*Data block*
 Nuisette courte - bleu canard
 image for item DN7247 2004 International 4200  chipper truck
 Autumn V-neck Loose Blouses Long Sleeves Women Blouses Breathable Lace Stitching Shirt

*Your instructions*
Exactly as written above, copy every line.

*Exercise response*
 Nuisette courte - bleu canard
 image for item DN7247 2004 International 4200  chipper truck
 Autumn V-neck Loose Blouses Long Sleeves Women Blouses Breathable Lace Stitching Shirt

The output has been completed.